2010-06-04 Thread Chip Camden
On Jun 04 2010 19:24, Roland Smith wrote:
 On Fri, Jun 04, 2010 at 10:12:12AM -0700, Chip Camden wrote:
  
  Thanks for all the info, but i get the same results in mutt-devel as I do
  in mutt.  WITH_MUTT_SLANG didn't seem to take either.
  
  Is there a way to specify that mutt should use the system ncurses instead
  of devel/ncurses?
 
 Looking at the port's Makefile, it depends on the system ncurses library if
 neither WITH_SLANG nor WITH_NCURSES_PORT is set. But it could still link to
 the port's library if that is first in the link path.
 
 If you build rxvt-unicode with the TERMINFO option switched OFF, urxvt-unicode
 does not depend on devel/ncurses.
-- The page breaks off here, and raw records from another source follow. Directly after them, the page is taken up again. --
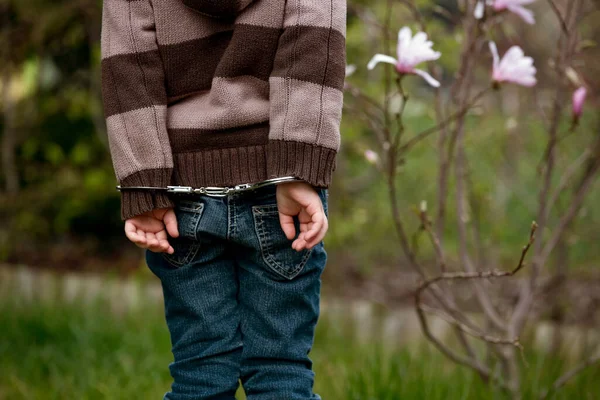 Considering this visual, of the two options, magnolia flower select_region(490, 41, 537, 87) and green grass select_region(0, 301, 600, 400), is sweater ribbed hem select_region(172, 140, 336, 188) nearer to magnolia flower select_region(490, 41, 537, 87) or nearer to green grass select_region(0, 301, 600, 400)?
magnolia flower select_region(490, 41, 537, 87)

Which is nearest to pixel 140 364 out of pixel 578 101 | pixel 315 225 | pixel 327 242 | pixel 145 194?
pixel 327 242

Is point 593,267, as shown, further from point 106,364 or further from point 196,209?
point 196,209

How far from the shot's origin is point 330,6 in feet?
4.63

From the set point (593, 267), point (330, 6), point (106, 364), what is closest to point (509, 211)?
point (593, 267)

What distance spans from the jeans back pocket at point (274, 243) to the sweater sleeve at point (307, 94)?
9 centimetres

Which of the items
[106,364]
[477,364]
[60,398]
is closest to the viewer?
[477,364]

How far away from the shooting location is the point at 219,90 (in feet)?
4.67

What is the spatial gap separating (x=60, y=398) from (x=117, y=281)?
1487mm

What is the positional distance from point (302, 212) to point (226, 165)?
177 millimetres

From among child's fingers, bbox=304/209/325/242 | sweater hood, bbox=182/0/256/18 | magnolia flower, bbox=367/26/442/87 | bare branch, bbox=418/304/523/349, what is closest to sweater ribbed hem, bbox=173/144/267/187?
child's fingers, bbox=304/209/325/242

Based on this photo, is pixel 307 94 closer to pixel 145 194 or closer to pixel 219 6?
pixel 219 6

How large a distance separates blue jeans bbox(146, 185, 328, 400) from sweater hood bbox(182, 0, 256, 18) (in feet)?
1.14

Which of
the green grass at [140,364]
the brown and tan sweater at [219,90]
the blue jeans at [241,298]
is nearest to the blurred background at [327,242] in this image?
the green grass at [140,364]

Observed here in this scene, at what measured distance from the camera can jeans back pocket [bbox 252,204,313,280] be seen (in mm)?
1440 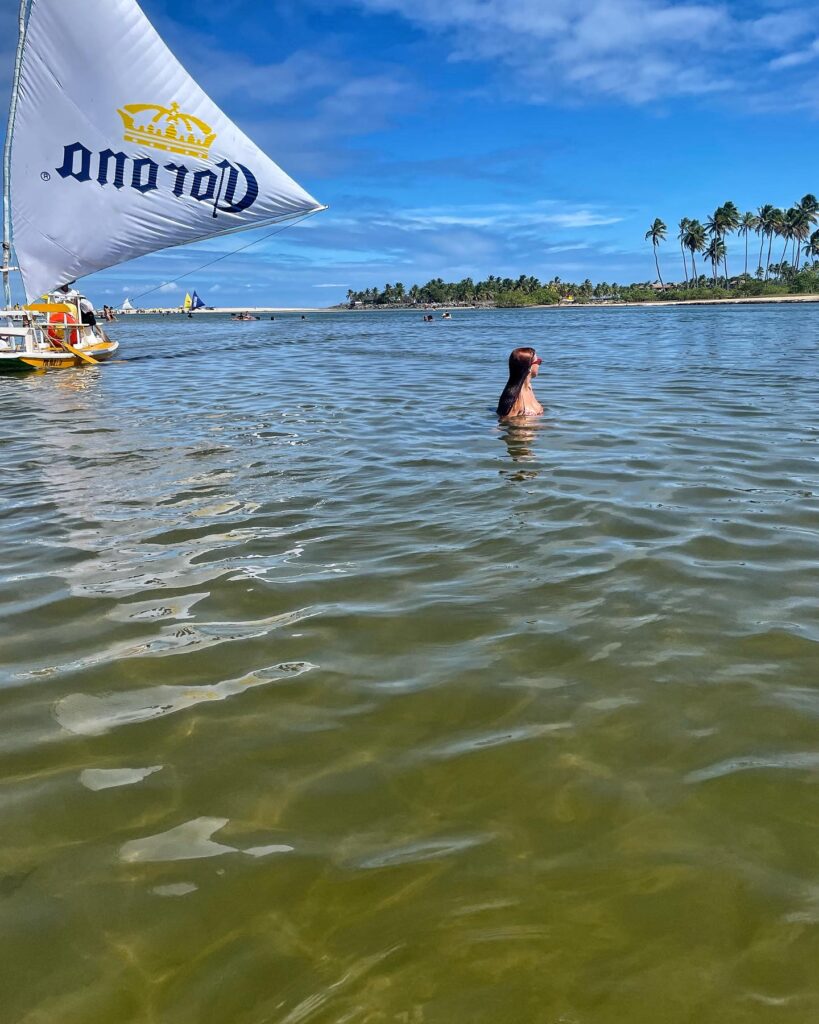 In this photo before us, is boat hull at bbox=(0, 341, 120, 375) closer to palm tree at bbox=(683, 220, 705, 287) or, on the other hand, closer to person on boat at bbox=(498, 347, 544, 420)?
person on boat at bbox=(498, 347, 544, 420)

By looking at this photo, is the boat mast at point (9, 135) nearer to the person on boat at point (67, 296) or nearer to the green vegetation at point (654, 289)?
the person on boat at point (67, 296)

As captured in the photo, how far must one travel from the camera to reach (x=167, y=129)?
56.2 ft

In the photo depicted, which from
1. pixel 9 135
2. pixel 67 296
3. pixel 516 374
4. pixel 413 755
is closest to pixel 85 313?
pixel 67 296

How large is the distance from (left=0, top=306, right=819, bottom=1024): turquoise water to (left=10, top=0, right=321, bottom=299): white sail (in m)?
13.8

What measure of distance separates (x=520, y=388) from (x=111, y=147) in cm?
1341

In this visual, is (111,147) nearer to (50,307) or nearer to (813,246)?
(50,307)

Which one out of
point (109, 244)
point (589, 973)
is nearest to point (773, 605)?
point (589, 973)

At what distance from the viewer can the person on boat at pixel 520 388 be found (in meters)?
9.20

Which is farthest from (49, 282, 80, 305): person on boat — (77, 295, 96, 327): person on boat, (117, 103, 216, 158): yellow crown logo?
(117, 103, 216, 158): yellow crown logo

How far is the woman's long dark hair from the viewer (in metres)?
9.20

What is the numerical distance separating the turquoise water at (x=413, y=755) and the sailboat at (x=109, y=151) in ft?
45.3

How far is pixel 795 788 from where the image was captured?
A: 2.25 metres

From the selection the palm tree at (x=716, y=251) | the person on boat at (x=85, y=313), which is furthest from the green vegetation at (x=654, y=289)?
Result: the person on boat at (x=85, y=313)

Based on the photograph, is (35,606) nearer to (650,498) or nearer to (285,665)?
(285,665) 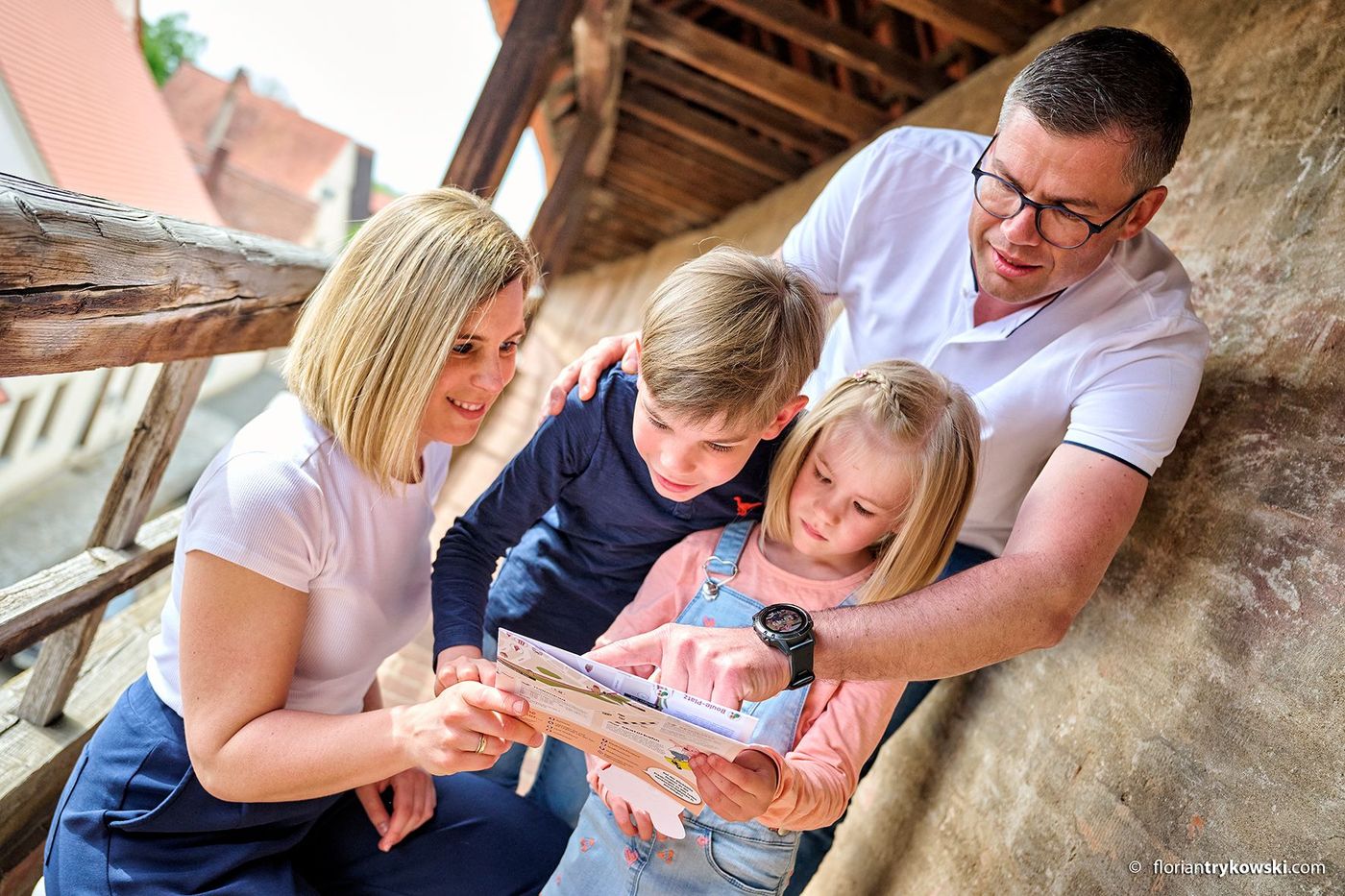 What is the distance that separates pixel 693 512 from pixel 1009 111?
1.03 metres

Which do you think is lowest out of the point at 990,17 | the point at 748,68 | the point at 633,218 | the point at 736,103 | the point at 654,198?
the point at 633,218

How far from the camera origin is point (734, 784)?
151cm

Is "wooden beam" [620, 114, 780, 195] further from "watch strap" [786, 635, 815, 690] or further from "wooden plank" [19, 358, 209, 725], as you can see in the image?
"watch strap" [786, 635, 815, 690]

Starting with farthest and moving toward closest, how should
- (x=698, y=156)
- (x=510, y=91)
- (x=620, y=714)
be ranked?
1. (x=698, y=156)
2. (x=510, y=91)
3. (x=620, y=714)

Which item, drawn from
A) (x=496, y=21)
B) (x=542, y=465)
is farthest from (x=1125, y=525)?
(x=496, y=21)

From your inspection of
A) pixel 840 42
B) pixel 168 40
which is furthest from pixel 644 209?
pixel 168 40

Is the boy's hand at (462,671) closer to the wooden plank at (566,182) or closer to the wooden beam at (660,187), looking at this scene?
the wooden plank at (566,182)

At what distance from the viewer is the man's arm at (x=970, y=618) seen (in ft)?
5.27

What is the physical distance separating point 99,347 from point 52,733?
3.75 ft

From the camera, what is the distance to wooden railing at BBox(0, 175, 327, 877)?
52.6 inches

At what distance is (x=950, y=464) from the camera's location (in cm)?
183

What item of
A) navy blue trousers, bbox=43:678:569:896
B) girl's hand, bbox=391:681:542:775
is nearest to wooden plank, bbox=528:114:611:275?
navy blue trousers, bbox=43:678:569:896

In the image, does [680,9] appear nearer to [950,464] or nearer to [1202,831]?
[950,464]

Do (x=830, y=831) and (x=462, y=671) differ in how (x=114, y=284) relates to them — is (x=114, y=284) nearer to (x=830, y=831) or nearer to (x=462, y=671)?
(x=462, y=671) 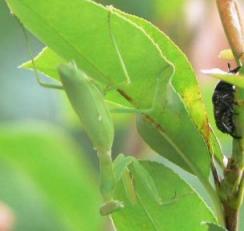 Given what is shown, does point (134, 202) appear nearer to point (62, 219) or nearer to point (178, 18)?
point (62, 219)

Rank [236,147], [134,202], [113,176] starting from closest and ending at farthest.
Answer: [236,147] < [134,202] < [113,176]

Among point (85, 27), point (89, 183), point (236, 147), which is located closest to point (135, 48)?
point (85, 27)

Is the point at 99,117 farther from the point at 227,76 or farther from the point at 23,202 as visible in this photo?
the point at 23,202

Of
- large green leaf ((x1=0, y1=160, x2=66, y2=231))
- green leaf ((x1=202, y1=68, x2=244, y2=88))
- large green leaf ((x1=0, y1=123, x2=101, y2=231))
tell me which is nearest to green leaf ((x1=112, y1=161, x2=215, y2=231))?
green leaf ((x1=202, y1=68, x2=244, y2=88))

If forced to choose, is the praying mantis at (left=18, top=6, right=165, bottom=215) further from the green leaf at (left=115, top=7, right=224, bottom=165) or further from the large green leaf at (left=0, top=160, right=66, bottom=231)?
the large green leaf at (left=0, top=160, right=66, bottom=231)

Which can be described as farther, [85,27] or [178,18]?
[178,18]

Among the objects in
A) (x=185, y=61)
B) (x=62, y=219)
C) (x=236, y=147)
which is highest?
(x=185, y=61)

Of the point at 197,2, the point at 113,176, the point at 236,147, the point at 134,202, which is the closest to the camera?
the point at 236,147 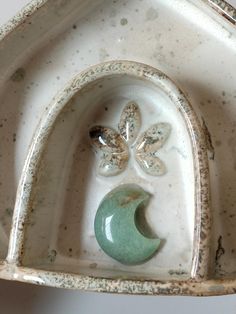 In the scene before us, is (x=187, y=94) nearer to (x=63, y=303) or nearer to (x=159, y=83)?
(x=159, y=83)

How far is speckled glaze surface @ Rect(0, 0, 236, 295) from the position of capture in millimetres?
551

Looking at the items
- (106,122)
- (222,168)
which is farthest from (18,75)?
(222,168)

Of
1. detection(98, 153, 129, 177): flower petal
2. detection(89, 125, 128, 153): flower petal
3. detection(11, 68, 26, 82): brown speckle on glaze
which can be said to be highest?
detection(11, 68, 26, 82): brown speckle on glaze

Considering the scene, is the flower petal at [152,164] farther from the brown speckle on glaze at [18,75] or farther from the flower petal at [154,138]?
the brown speckle on glaze at [18,75]

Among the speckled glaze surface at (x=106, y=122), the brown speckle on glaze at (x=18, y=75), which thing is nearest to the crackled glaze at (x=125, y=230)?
the speckled glaze surface at (x=106, y=122)

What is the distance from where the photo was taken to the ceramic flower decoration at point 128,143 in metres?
0.60

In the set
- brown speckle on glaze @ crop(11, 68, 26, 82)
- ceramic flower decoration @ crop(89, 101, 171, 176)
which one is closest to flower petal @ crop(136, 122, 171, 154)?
ceramic flower decoration @ crop(89, 101, 171, 176)

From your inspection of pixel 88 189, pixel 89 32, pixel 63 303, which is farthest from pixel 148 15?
pixel 63 303

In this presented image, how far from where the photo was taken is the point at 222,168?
1.88 ft

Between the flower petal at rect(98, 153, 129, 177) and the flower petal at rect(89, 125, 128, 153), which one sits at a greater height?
the flower petal at rect(89, 125, 128, 153)

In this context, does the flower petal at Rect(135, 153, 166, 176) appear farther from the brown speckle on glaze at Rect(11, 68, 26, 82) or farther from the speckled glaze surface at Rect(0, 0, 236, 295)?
the brown speckle on glaze at Rect(11, 68, 26, 82)

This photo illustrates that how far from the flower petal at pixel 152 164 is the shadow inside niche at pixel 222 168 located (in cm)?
5

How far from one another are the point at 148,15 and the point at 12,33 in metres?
0.12

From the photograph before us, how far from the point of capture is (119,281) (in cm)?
54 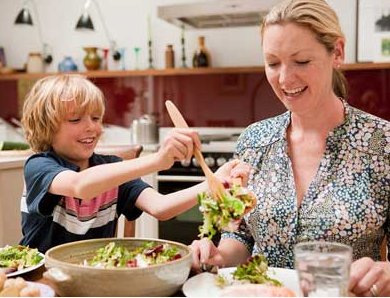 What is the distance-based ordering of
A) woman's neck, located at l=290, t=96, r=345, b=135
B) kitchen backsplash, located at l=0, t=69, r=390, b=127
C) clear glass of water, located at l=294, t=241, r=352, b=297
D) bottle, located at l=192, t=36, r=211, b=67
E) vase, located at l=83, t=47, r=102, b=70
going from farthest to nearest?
vase, located at l=83, t=47, r=102, b=70 < bottle, located at l=192, t=36, r=211, b=67 < kitchen backsplash, located at l=0, t=69, r=390, b=127 < woman's neck, located at l=290, t=96, r=345, b=135 < clear glass of water, located at l=294, t=241, r=352, b=297

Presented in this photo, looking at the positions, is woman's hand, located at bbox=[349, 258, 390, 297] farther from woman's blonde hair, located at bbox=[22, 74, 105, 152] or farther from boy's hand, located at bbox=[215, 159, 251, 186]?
woman's blonde hair, located at bbox=[22, 74, 105, 152]

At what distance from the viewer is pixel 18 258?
1.09m

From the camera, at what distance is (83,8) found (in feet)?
15.7

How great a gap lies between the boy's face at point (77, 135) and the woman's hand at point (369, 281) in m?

If you then de-install devel/ncurses and
 recompile mutt, it must use the system library.
 
 But in my experience, using a wrong font, or setting the wrong LANG or LC_ALL
 in the environment is more likely to screw things up.
 
 Roland
 -- 
 R.F.Smith   http://www.xs4all.nl/~rsmith/
 [plain text _non-HTML_ PGP/GnuPG encrypted/signed email much appreciated]
 pgp: 1A2B 477F 9970 BA3C 2914  B7CE 1277 EFB0 C321 A725 (KeyID: C321A725)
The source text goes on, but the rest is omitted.